Large businesses need to develop a plan for getting back to work as quickly as possible. The worst-case scenario would be that major industries, such as aerospace, give up and leave Southern California if the region remains dysfunctional for too long.
That means businesses like banks need to know how to get their branches running as quickly as possible, perhaps by installing backup generators and keeping caches of emergency supplies on site.
If it's too hard to have a home improvement chain keep all of its branches open in, say, Granada Hills, Northridge and Chatsworth, perhaps one plan would be to keep just the Northridge store operational, Bwarie said.
4. Many Southern Californians don't know their neighbors, and that's going to hurt neighborhoods' ability to recover.
A key factor that could determine what neighborhoods survive and which ones are abandoned after an earthquake is how well the neighborhood works together to recover, instead of giving up and leaving town.
Southern California, unfortunately, has a reputation for neighbors not knowing each other.
But things can be done to help establish a sense of community, such as cities encouraging block parties or organizing people to check in on each other after an earthquake.
One idea Jones is working on at her own church is creating a system in which people are assigned to check on each other after an earthquake hits, and complete a drill on that annually.
5. Many cities do not require collapse-prone buildings to be retrofitted.
The city of Los Angeles has moved ahead on requiring apartments and concrete buildings at risk of collapse to be retrofitted, but most of Southern California's vast suburbs have not followed suit.
In fact, there are cities that haven't even done what Los Angeles began in the 1980s: requiring the retrofit of deadly brick buildings, whose bricks turn into projectiles in even slight shaking.
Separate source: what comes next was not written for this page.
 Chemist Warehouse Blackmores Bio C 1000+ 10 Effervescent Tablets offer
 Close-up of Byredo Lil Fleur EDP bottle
The two women who died in the 2003 San Simeon earthquake in Paso Robles died as the facade of an unretrofitted brick building collapsed.
Another problem: The minimum standard for new buildings permits them to be so severely damaged in an earthquake that it might need to be torn down. The only requirement is that people not be killed by that building in an earthquake.
"Cities have to ask themselves: Are you approving buildings that are designed to fail — but won't kill anyone? That doesn't do much for our economy," Bwarie said.
The committee suggests creating a uniform standard that would make it easier for building owners to choose higher levels of minimum safety, such as a building that would remain in operation even after a significant earthquake.
"Southern California's vulnerability to natural disasters demands that we look forward and prepare," Hasan Ikhrata, executive director of the Southern California Assn. of Governments, said in a statement. "It is critical to our economy, and to the 18 million residents in the region."